Your instructions:
Retype, without pictures, the line holding "有田焼 源右衛門窯 染錦 隅切角鉢 向付" and each line below it through the final line.
────────────────
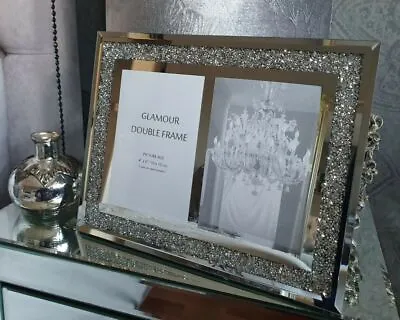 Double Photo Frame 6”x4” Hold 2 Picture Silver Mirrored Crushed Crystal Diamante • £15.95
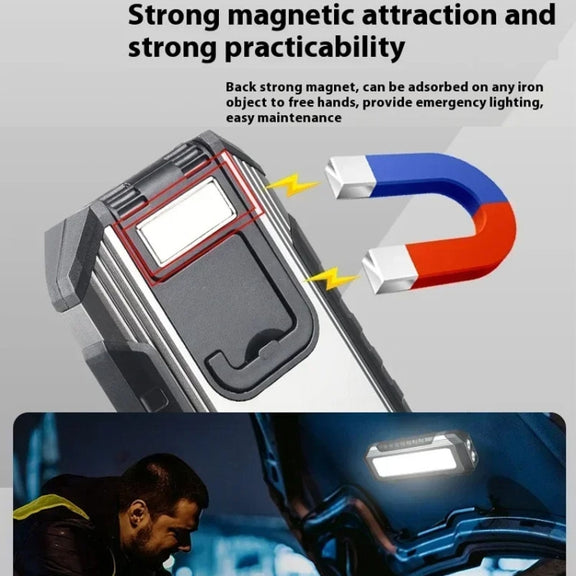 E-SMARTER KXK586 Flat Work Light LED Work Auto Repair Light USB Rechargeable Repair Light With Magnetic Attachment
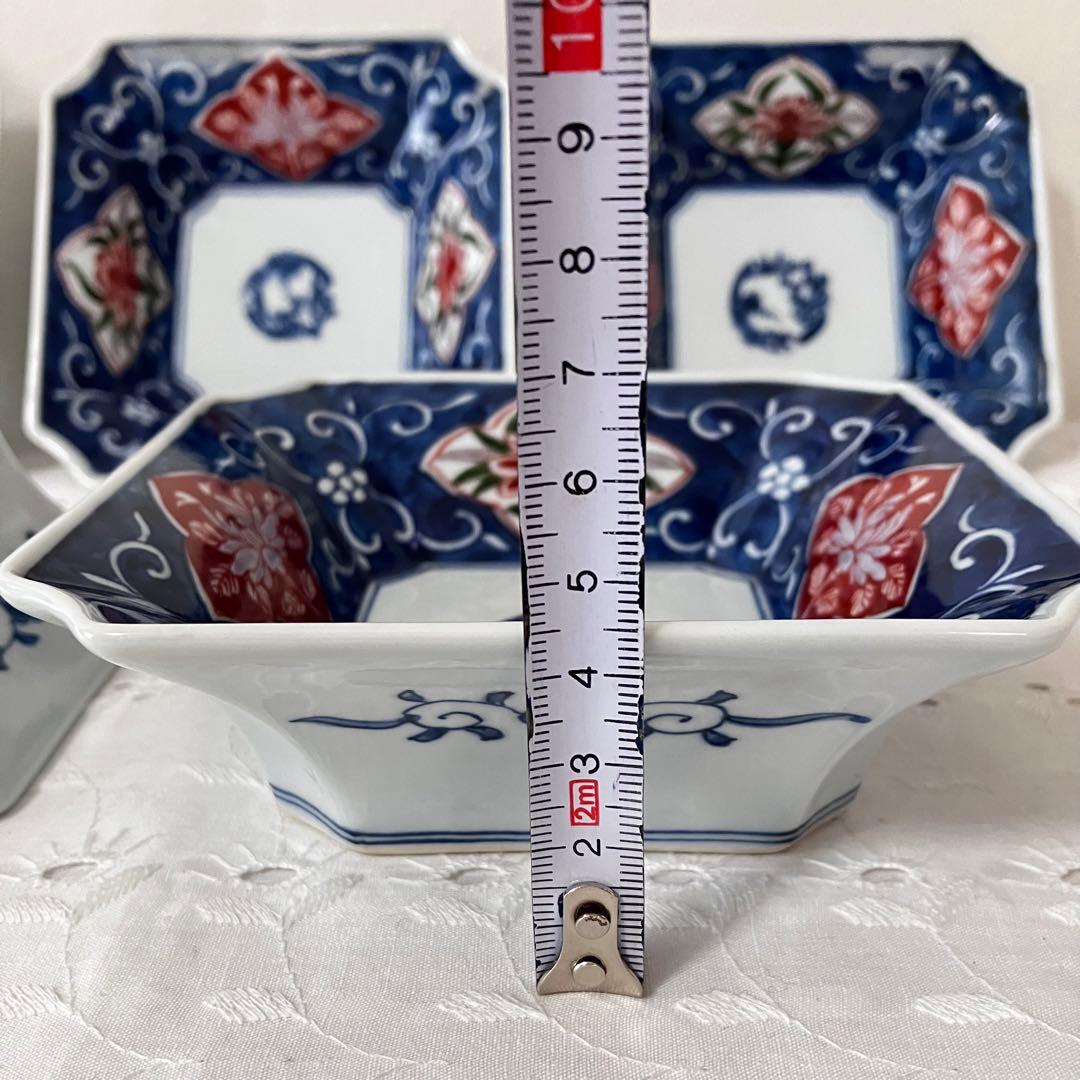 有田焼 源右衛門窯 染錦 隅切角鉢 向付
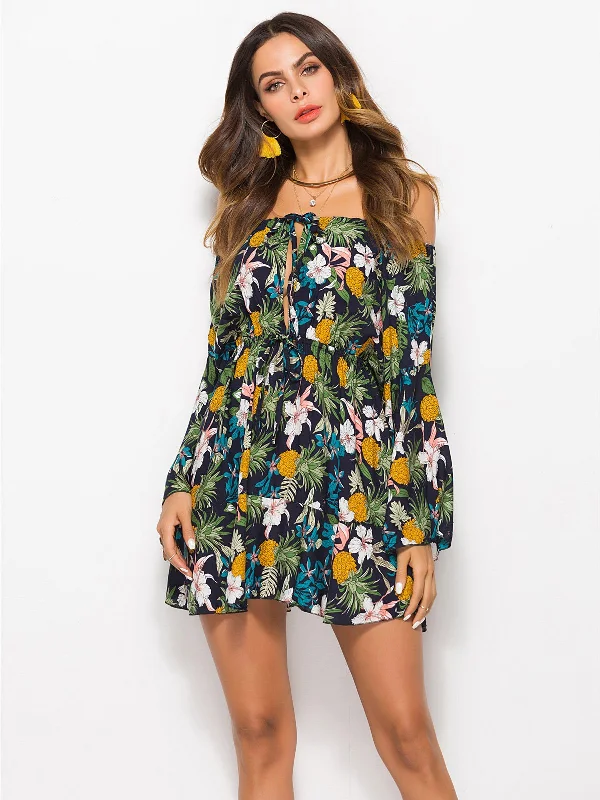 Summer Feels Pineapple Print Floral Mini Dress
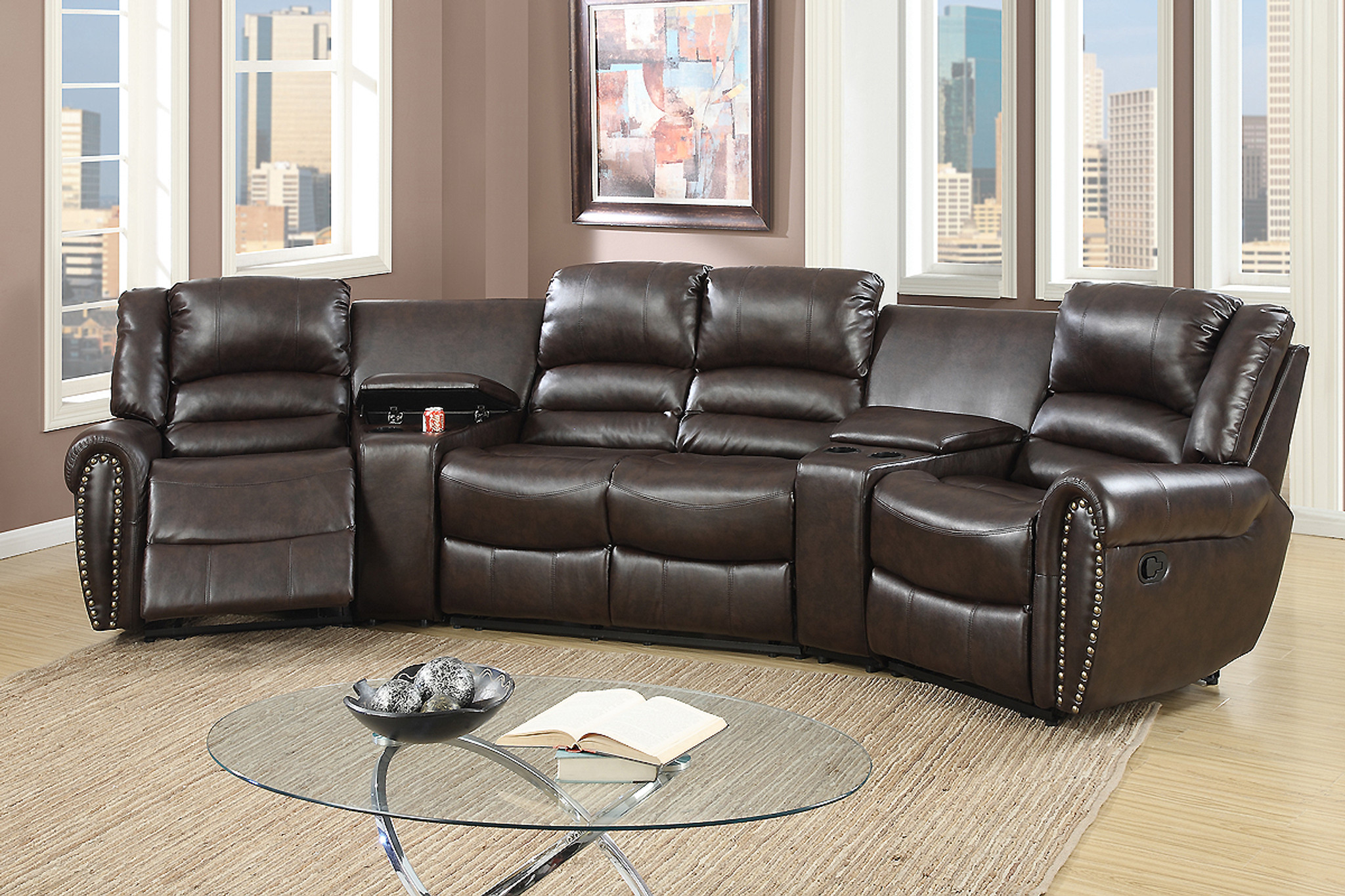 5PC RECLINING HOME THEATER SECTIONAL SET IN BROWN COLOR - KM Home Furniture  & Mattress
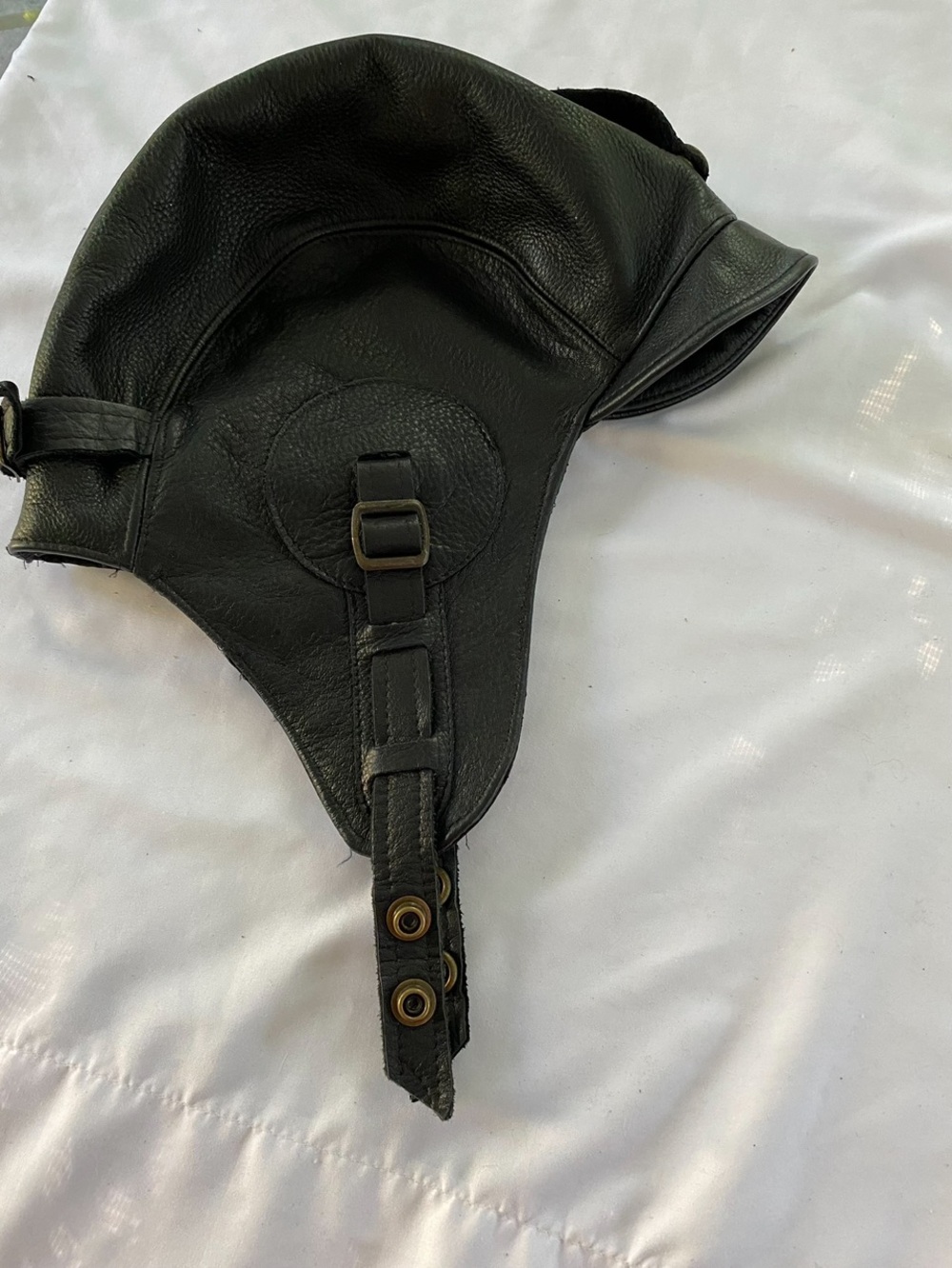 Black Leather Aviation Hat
────────────────
Problem solution:
 有田焼 源右衛門窯 染錦 隅切角鉢 向付
 Summer Feels Pineapple Print Floral Mini Dress
 5PC RECLINING HOME THEATER SECTIONAL SET IN BROWN COLOR - KM Home Furniture  & Mattress
 Black Leather Aviation Hat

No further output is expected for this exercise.